### [Task description]
Write out exactly the lines running from the one with "Womens clarks shoes size 5 - clarks, 3.5" to the last line of the entries, keeping both the first and the last.

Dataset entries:

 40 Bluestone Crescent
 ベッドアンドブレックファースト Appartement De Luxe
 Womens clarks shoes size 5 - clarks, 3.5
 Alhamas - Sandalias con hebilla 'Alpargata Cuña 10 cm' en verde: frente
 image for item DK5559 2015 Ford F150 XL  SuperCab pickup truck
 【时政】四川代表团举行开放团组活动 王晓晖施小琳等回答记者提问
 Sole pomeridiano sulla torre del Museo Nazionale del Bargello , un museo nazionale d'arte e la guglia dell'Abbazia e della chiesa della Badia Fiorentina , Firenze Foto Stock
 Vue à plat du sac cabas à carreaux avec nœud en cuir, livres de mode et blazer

### [Solved exercise]
 Womens clarks shoes size 5 - clarks, 3.5
 Alhamas - Sandalias con hebilla 'Alpargata Cuña 10 cm' en verde: frente
 image for item DK5559 2015 Ford F150 XL  SuperCab pickup truck
 【时政】四川代表团举行开放团组活动 王晓晖施小琳等回答记者提问
 Sole pomeridiano sulla torre del Museo Nazionale del Bargello , un museo nazionale d'arte e la guglia dell'Abbazia e della chiesa della Badia Fiorentina , Firenze Foto Stock
 Vue à plat du sac cabas à carreaux avec nœud en cuir, livres de mode et blazer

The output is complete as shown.